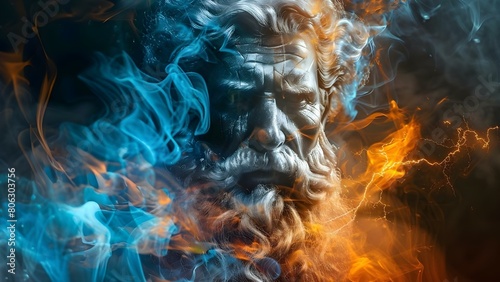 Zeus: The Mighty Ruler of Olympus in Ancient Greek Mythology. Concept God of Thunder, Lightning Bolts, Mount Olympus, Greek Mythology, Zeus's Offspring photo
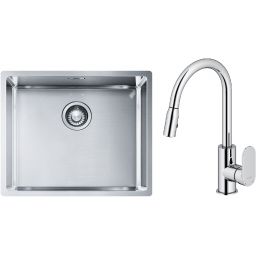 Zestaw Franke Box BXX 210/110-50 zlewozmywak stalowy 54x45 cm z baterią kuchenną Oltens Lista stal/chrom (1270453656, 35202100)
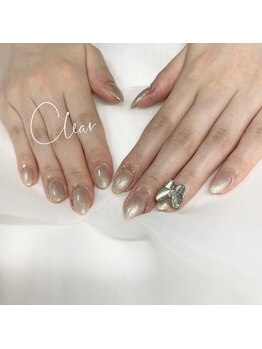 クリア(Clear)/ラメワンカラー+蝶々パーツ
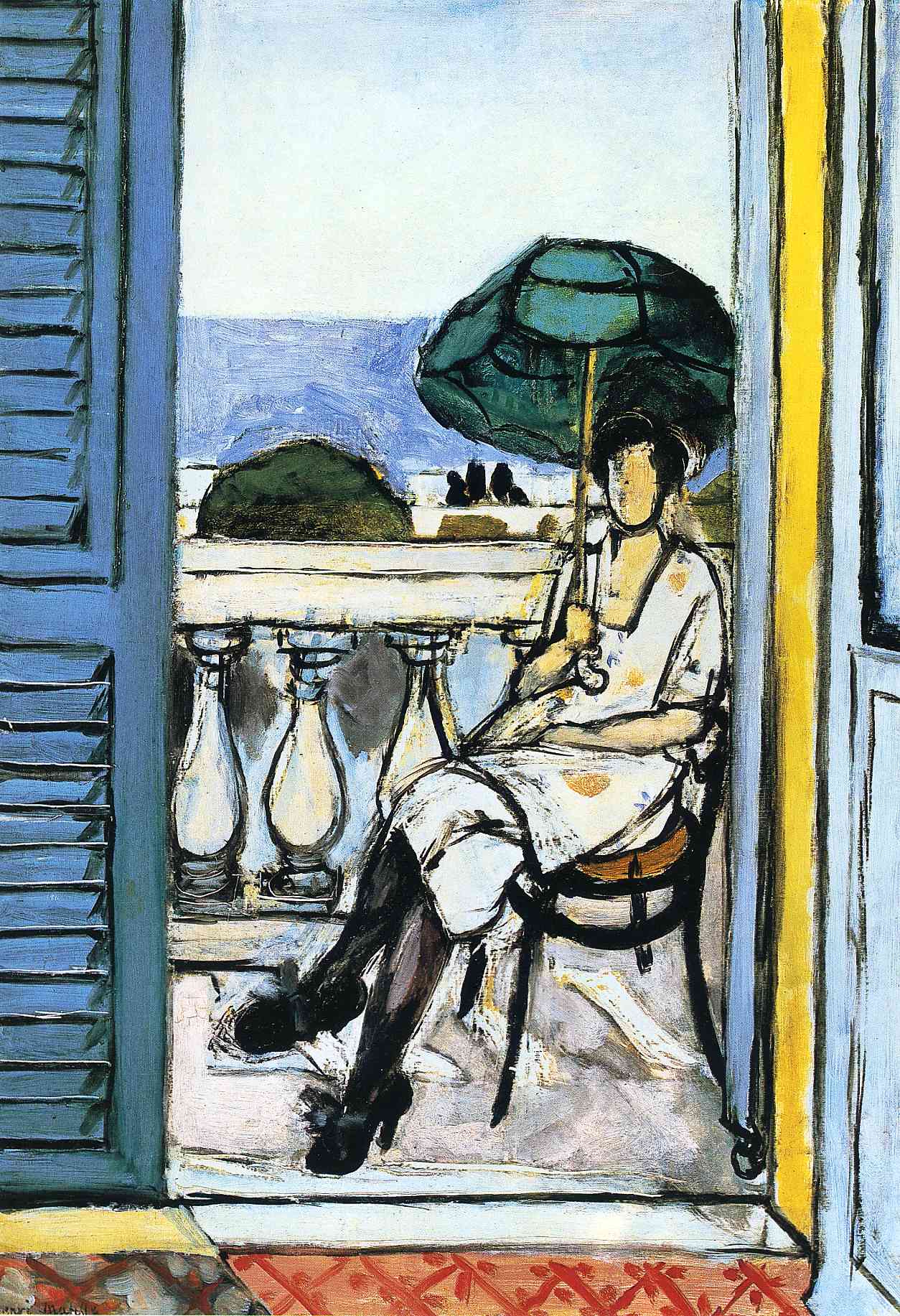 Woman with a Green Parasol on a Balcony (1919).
==
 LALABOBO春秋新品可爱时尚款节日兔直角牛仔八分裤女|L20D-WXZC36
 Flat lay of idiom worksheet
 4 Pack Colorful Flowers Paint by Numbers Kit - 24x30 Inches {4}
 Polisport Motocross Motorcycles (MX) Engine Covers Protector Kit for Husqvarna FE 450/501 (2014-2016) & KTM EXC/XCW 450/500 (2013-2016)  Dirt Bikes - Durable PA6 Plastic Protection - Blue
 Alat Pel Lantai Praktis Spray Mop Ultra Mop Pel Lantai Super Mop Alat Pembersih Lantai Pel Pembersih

- [TRY IT] Only one stretch of the records above is wanted: the lines between the one holding "Polisport Motocross Motorcycles" and the one holding "Alat Pel Lantai", inclusive, reproduced exactly.

- [RESULT]
 Polisport Motocross Motorcycles (MX) Engine Covers Protector Kit for Husqvarna FE 450/501 (2014-2016) & KTM EXC/XCW 450/500 (2013-2016)  Dirt Bikes - Durable PA6 Plastic Protection - Blue
 Alat Pel Lantai Praktis Spray Mop Ultra Mop Pel Lantai Super Mop Alat Pembersih Lantai Pel Pembersih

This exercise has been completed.